14
message db "Enter a digit ", 0xA,0xD
Length equ $- message

Is it used to get the length of a string?
How does it work internally?

Peter Cordes
  • 245,674
  • 35
  • 423
  • 606
Naveen prakash
  • 309
  • 4
  • 9
  • 5
    Have you tried [reading the documentation](http://www.nasm.us/doc/)? – Some programmer dude Nov 26 '17 at 09:36
  • 3
    I tried but could not understand! – Naveen prakash Nov 26 '17 at 09:37
  • 1
    `$` is usually referred to as the “location counter”. (In other assemblers it can be `*` or `.`) – Paul R Nov 26 '17 at 09:42
  • Related: what happens if you put `Length equ $- message` in the wrong place might help you understand how it works: https://stackoverflow.com/questions/26897633/in-nasm-labels-next-to-each-other-in-memory-are-causing-printing-issues – Peter Cordes Nov 26 '17 at 09:47
  • 3
    (`I tried but could not understand!` there's nothing wrong with failing. But it doesn't hurt to document and present what you have tried - even if it should go without saying that you tried *something* before asking for help.) – greybeard Nov 26 '17 at 09:58
  • also it helps tremendously to explain, which parts of docs you *do* understand, and which not... especially, if you don't understand particular word, etc... Then the answers may explain you things which you don't understand. (explaining whole `$` business from scratch would involve explaining you what is computer, what is CPU, etc... a whole book). – Ped7g Nov 26 '17 at 13:12
  • BTW, did you mean `0xD, 0xA` (CR LF) rather than the other way around? – Toby Speight Jan 12 '18 at 15:06

1 Answers1

23

This gets the assembler to calculate the string length for you at assemble time

$ is the address of the current position before emitting the bytes (if any) for the line it appears on. Section 3.5 of the manual doesn't go into much detail.

$ - msg is like doing here - msg, i.e. the distance in bytes between the current position (at the end of the string) and the start of the string. (See also this tutorial on NASM labels and directives like resb)
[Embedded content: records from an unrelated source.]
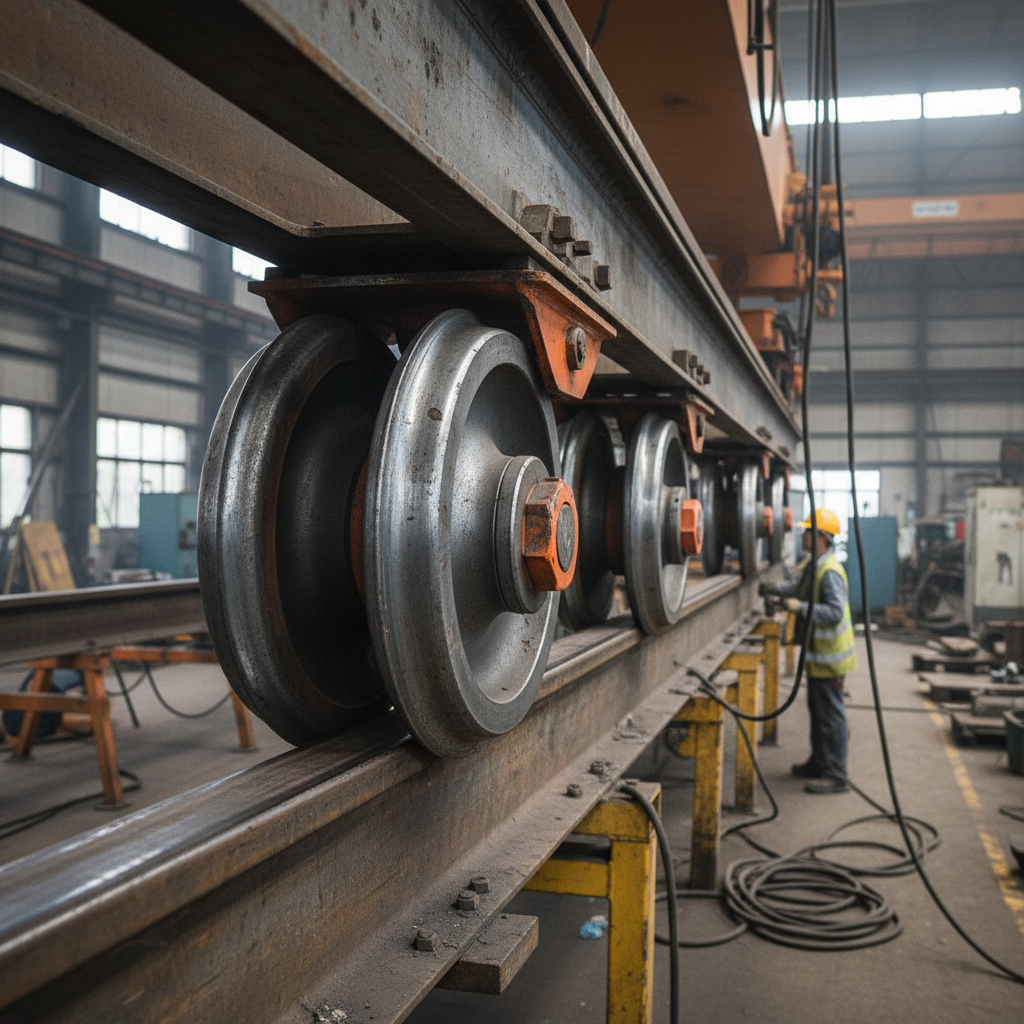 Essential Guide to Bridge Crane Wheels for Efficient Material Handling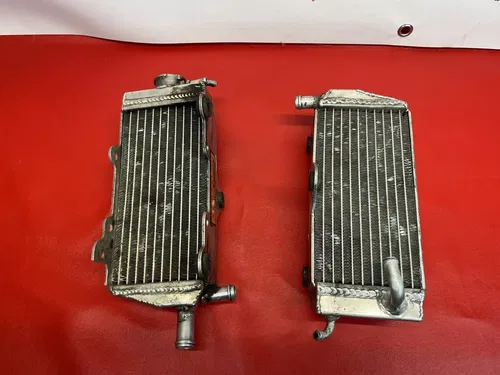 1993 Honda CR125 CR125R CR 125 125R Left And Right Side Radiator Radiators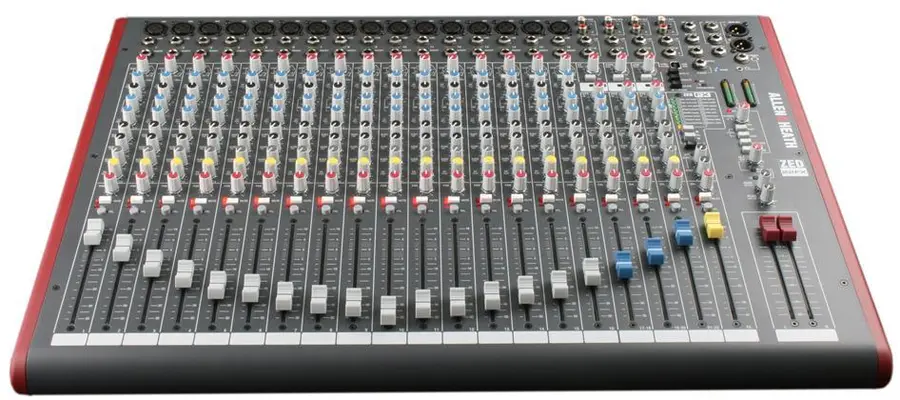 A&H ZED22FX 16 Mono 3 Stereo with USB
(Related: Most other x86 assemblers also use $ the same way, except for GAS which uses . (period). MMIX assembler uses @, which has the right semantic meaning).


To understand it better, it may help to see what happens when you get it wrong: In NASM labels next to each other in memory are causing printing issues. This person used

HELLO_MSG db 'Hello, World!',0
GOODBYE_MSG db 'Goodbye!',0

hlen equ $ - HELLO_MSG
glen equ $ - GOODBYE_MSG

resulting in hlen including the length of both strings.

EQU evaluates the right hand side right away, to a constant value. (In some assemblers like FASM, equ is a text substitution and you have to use glen = $ - GOODBYE_MSG to evaluate with $ at this position, instead of evaluating $ in a later mov ecx, glen instruction or something. But NASM's equ evaluates on the spot; use %define for text substitutions)


Using $ is exactly equivalent to putting a label at the start of the line and using it instead of $.

The object-size example can also be done using regular labels:

msg:   db "Enter a digit "
msgend: 
Length equ msgend - msg
Length2 equ $ - msg     ; Length2 = Length

newline: db 0xA,0xD
Length3 equ $ - msg     ; Length3 includes the \n\r LF CR sequence as well.
                        ; sometimes that *is* what you want

You can put Length equ msgend - msg anywhere, or mov ecx, msgend - msg directly. (It's sometimes useful to have a label on the end of something, e.g. cmp rsi, msgend / jb .loop at the bottom of a loop.

BTW, it's usually CR LF, not LF CR.


Less obvious examples:

times 4  dd $

assembles the same as this (but without creating a symbol table entry or clashing with an existing name):

here:    times 4 dd here

In times 4 dd $, $ doesn't update to its own address for each dword, it's still the address of the start of the line. (Try it in a file by itself and hexdump the flat binary: it's all zeros.)


But a %rep block is expanded before $, so

%rep 4
    dd $
%endrep

does produce 0, 4, 8, 12 (starting from an output position of 0 in a flat binary for this example.)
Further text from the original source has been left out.